ジャングル・フィーヴァー (2011.06.15)
 昨日の“LOOP”に関しての話題です。アタマとオシリを繋いで繰り返すこの手法は、デジタル時代になって簡単に出来るようになりましたが、アナログ時代からありました。有名なものに Gary Glitter の『Rock and Roll』(1972)があります。NBAやNFLで"The Hey Song"としてよく流れていますよね。



 この“LOOP”はグリッター・バンドの Harvey Ellison がドラムスを、John Rossall が他の楽器をダビングして、殆どこの二人だけで作ったとのことでした。

 実はこれにも“先駆”がおりまして、グリッターと同じ英国の《ジョー・ミーク》なのです。

 『Rock and Roll』から更に10年前の1962年、『テルスター』が大ヒットしました。私もすぐにシングル盤を買いましたが、当時のジャケットには“トルナドース”とあり、ラジオでは“トーナドース”と言っている人が多かったような記憶があります。

 一応、A面を聞き終えると次はB面を聞くのが当時の慣わしでした。(アタリマエですが、ダウンロード時代となってしまった現在、完全に消えてしまった“行為”ですので註釈をば)

 当時の大抵のB面は“捨て曲”が多く、イカニモ“B面”という手抜きの曲が多かったのですね。ただ、それが聞いているうちに徐々に慣れてきて(笑)、キャッチーなA面よりも地味ぃなB面の方が飽きが来ないというか、何とはなしに繰り返し聞いているうちに“B面好き”になっていきました。

 その『テルスター』のB面が“ジャングル・フィーヴァー”でした。



 しかし、いかにB面好きになったとは言っても、さすがにこの“ジャングル・フィーヴァー”は全く良さが分からず、変な曲という印象しかありませんでした。(もちろん当時は作曲者の“ジョー・ミーク”が、後に自分の研究対象になることなど、夢にも思っていないワケです)

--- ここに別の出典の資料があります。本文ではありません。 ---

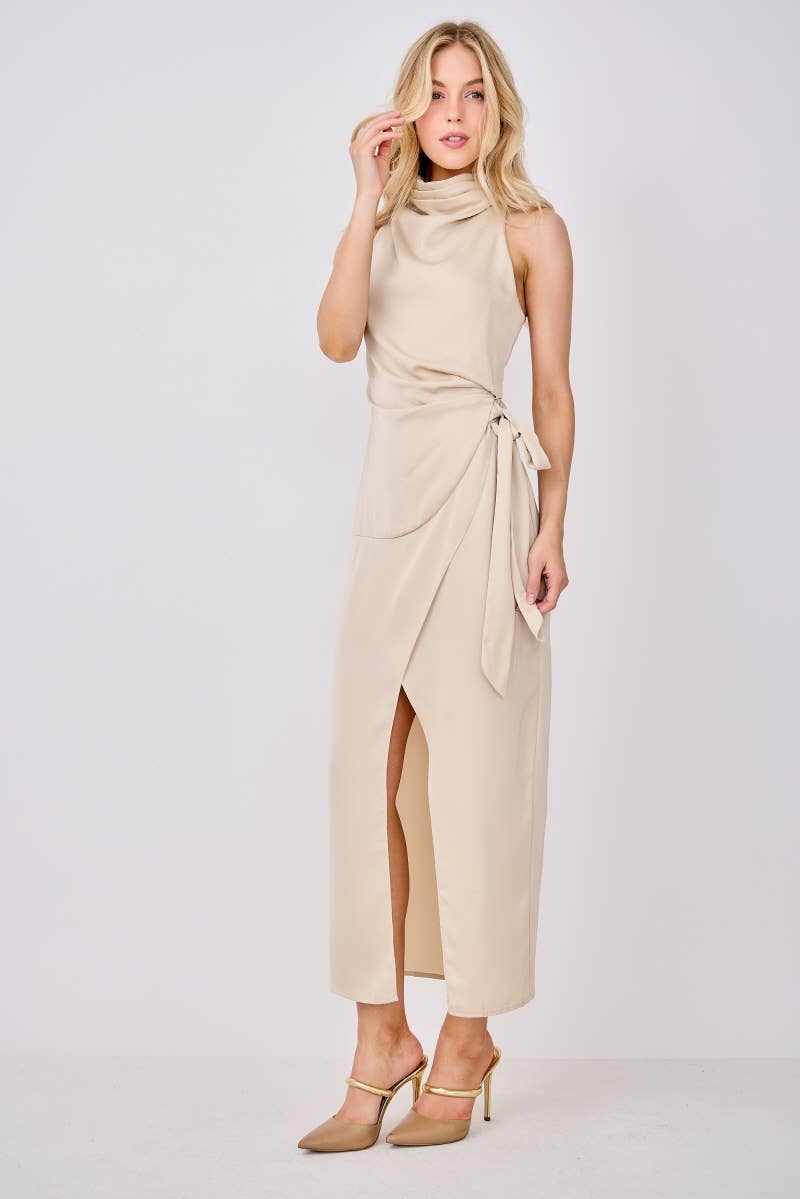 Peace Love Line – wholesale Klänning - Dam – PM1015 - SOLID VÄVD MIDIKLÄNNING MED SLITS6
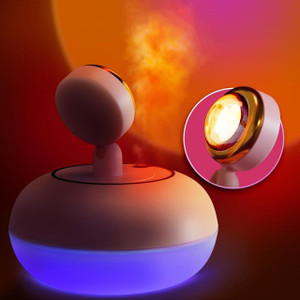 CITYCART 2in1 Lamp Humidifier USB Charging Fogger Decoration Sunset Projector Portable Room Air Purifier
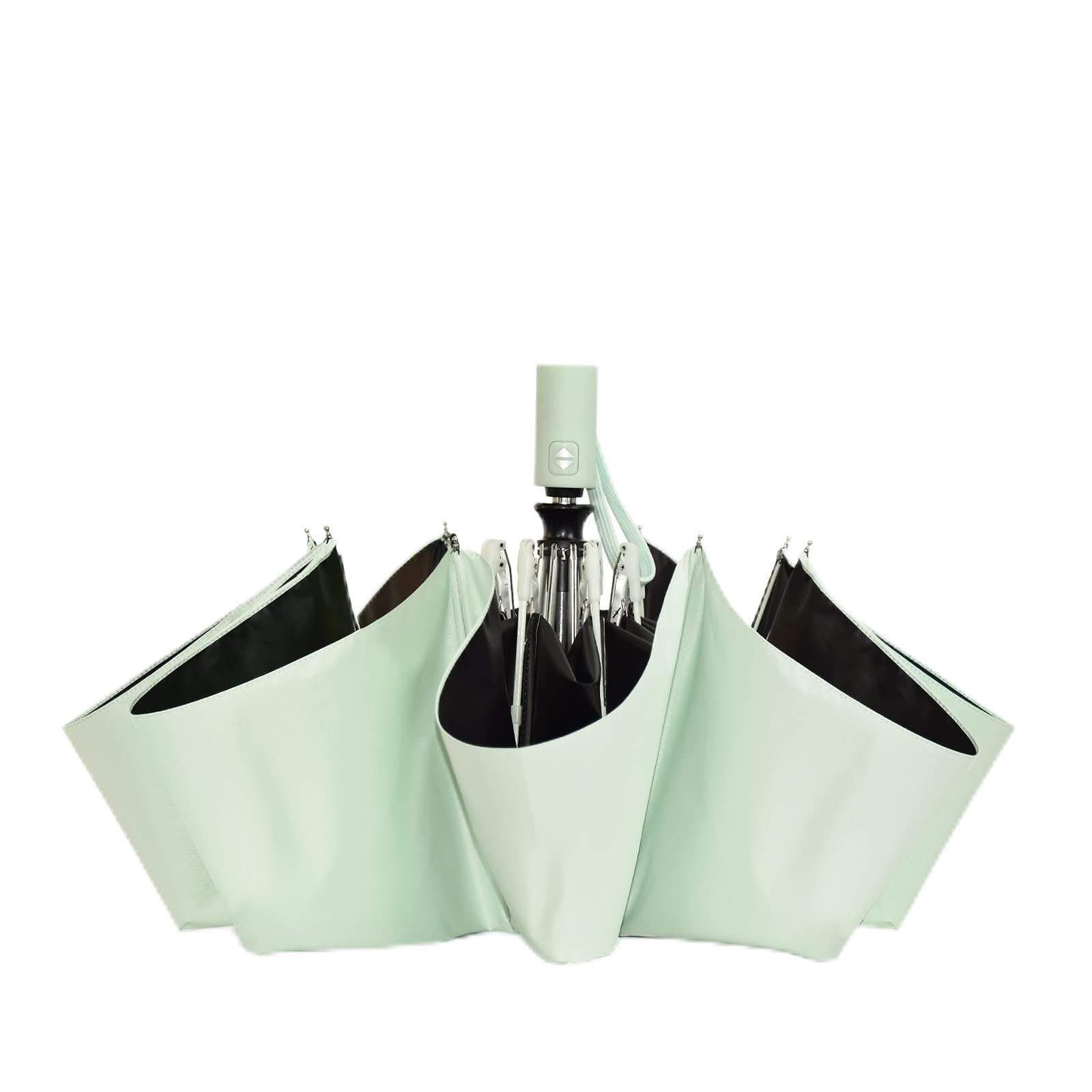 SY COMPACT Automatic Windproof Umbrellas Travel Strong Umbrella for Rain and Sun Protection Small Umbrella UV Blocking for Women and Men (Mint Green)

 この曲の面白さに気づいたのは70年代、前述のG・グリッターのヒットがきっかけで、このドラム・サウンドはどこかで聞いたことがあるなぁ・・・と思いながらも、何だったのかは全く思い出せずにおりました。そうこうしていた1977年、大阪・フォーエバーの宮下さんから Tornadoes のLPが入った!という情報がありました。(同時に『The Joe Meek Story』も)

 エンジニアの笛吹銅次としては、このレコードによってポコポコポコポコという強力にリミターをかけた音がミークの特徴であることを知ったことも収穫でした。

 ツマラナイと思っていた『テルスター』のB面が、実は“LOOP使用楽曲の元祖”だったのですね。(エンジニア&ソングライターのミークならでは、です)

 《量の時代》という“幻想”の中では、ワカラナイ・ツマラナイ・キライと最初に感じた曲を(我慢して(笑))聞く、という行為を敢えて選択するという人は少ないでしょうね。しかし私の場合、B面だった“ジャングル・フィーヴァー”を聞いていなければ、このリズムの“LOOP”に気づくことは恐らくなかったと思うのです。

 『レコード盤 ひっくり返せば 裏側に』。

 “B面の効用”、大きいものがあったと感じる昨今ではあります。